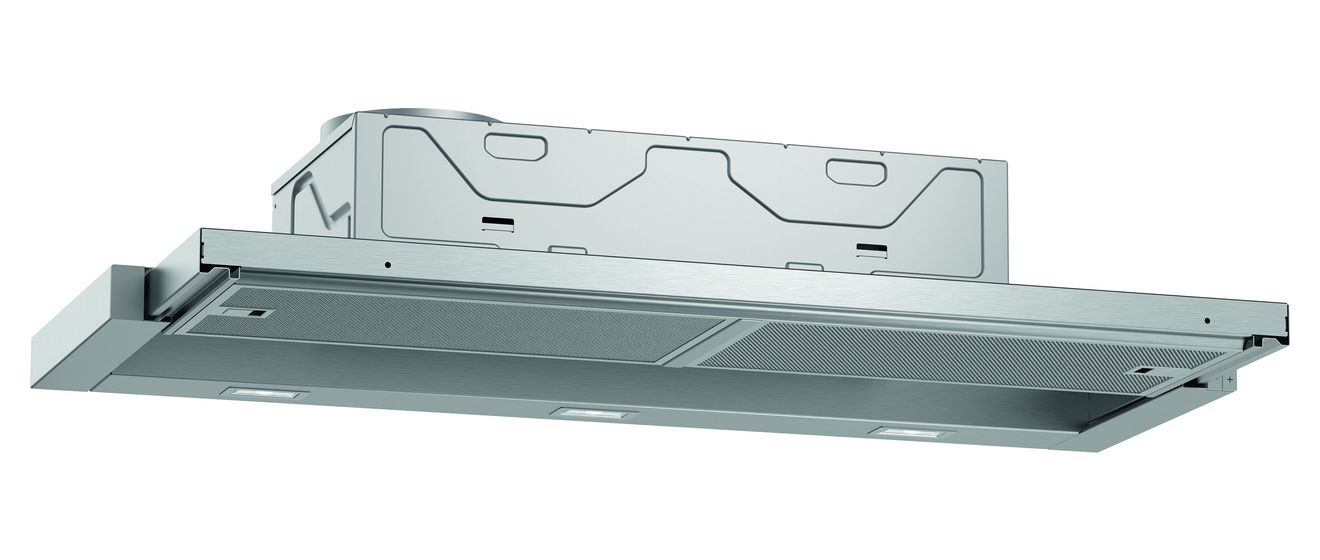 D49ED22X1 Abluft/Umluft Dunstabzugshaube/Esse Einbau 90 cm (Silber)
==
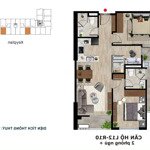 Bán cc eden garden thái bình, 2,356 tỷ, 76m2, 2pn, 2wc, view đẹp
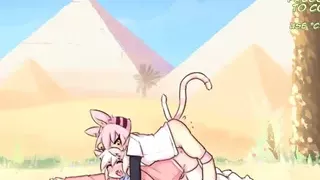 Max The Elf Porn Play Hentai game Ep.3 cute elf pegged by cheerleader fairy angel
* * *
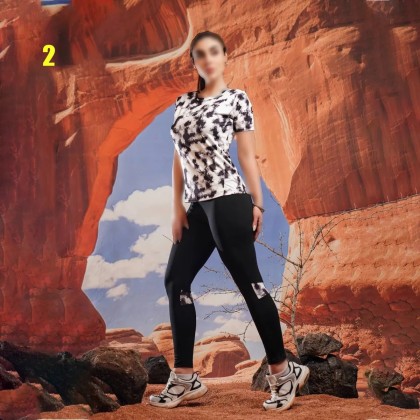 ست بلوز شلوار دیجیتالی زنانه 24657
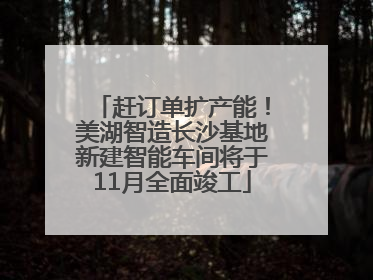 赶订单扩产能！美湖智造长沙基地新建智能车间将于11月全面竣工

**Exercise description**:
Starting at the line that contains "ست بلوز شلوار دیجیتالی زنانه 24657" and ending at the line that contains "赶订单扩产能！美湖智造长沙基地新建智能车间将于11月全面竣工", transcribe the material above exactly, excluding pictures.

**Solution for this exercise**:
 ست بلوز شلوار دیجیتالی زنانه 24657
 赶订单扩产能！美湖智造长沙基地新建智能车间将于11月全面竣工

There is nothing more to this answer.